厚生労働省が発表している「最近の水道行政の動向について」の最新版によると、法定耐用年数を超えた全国の水道管の割合は、2018年までで17.6%に上る。その割合は、2011年から毎年約1%ずつ上がっているため、現在では20%を超えているとみられる。
冒頭の十日町市が最終的に値上げを決めた理由も同様で、高度成長期に整備された水道管や施設の更新コストが今後さらに増え、このままでは市の財政が立ち行かなくなることにある。
さらに、十日町市は1950年の10万4318人をピークに人口が減り続けており、「平成の大合併」による市町村合併があったにも関わらず今年時点では4万9991人にまで減少している。そのため、慢性的な財源不足に悩まされていた。東日本大震災の翌日、十日町市に近い地域を震源地に発生した「長野県北部地震」の際には、破損した水道管の補修などのために、一般から寄付を募った。
十日町市のような悩みは、全国の自治体の大多数が同じく抱えている。EY新日本と「(一社)水の安全保障戦略機構」の共同研究「人口減少時代の水道料金はどうなるのか?」(2021年版)では、全国の水道料金の平均(20立方メートル使用時)は、2018年の3225円から、2043年には4642円になると予測している。
青森県の水道料金は神奈川県の2倍
水はほかの生活必需品と違い、替えが全く利かないものだ。トイレットペーパーは、生活必需品の一つであるものの、特売の時に買いだめしたり、より安い商品に乗り換えしたりと、自衛の手段は残されている。電気でさえ、契約する会社は選べる。しかし、水は料金が高いからと言って、市町村との契約を打ち切るというわけにはいかない。
ただ、住む場所は選べる。水道事業は、都が一括で運営している東京都以外、市町村が運営しており水道料金も市町村が決めている。実は、市町村によって水道料金に倍以上の差が出るケースがあるのだ。
ウォーターサーバー専門メディアの「ミズコム」の調査によると、都道府県の水道料金の平均(20立方メートル使用時)で最も安いのは神奈川県の2142円。反対に最も高いのは、青森県で平均4418円だった。青森県の水道料金の平均は、神奈川県の実に2倍だ。
市町村で比べると、差はさらに広がる。全国の市町村で水道料金が最も安かったのは、兵庫県赤穂市で853円。次いで、静岡県長泉町の1120円、静岡県小山町の1130円という順だった。一方、水道料金が全国の市町村で最も高ったのは経済破綻をして、今も財政再建団体である北海道夕張市で6841円だった。
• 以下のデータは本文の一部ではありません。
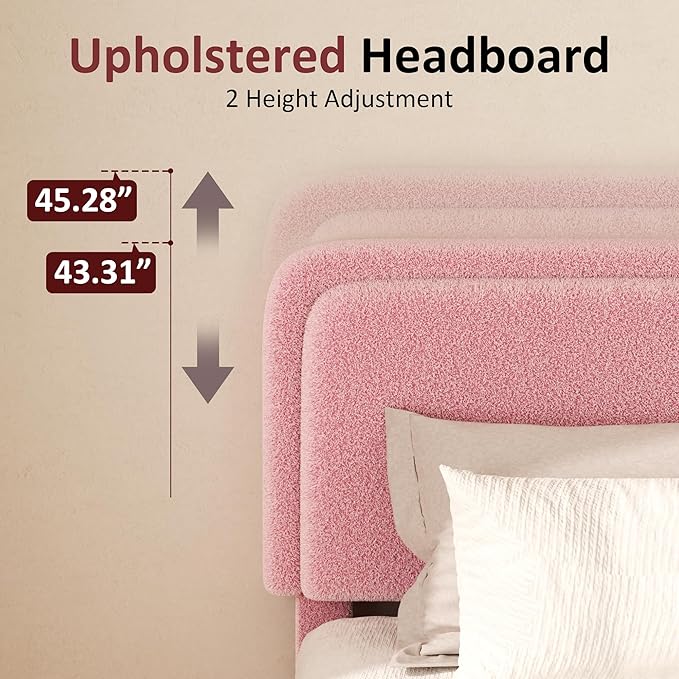 Twin Boucle Platform Bed Frame with Height Adjustable Headboard, Modern Upholstered Cloud Bed, Sleek Curved Design, No Box Spring Needed, Easy Assembly, Noise Free, Pink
水道料金が高い市町村の、上から57番目までが5000円以上だ。
水道料金が高いことを理由に、今すぐの引っ越しは現実的ではないが、将来の水道料金の高騰を見据えて引っ越し先や移住先、ビジネスの進出先を探す時に、水道料金の安さを検討項目に加えても良いのではないだろうか。今、地方を中心に各市町村はUターンやIターンを呼び込むために力を入れあれこれアピールしているが、水道料金の安さをアピールすることが最も有効という時代が来るかもしれない。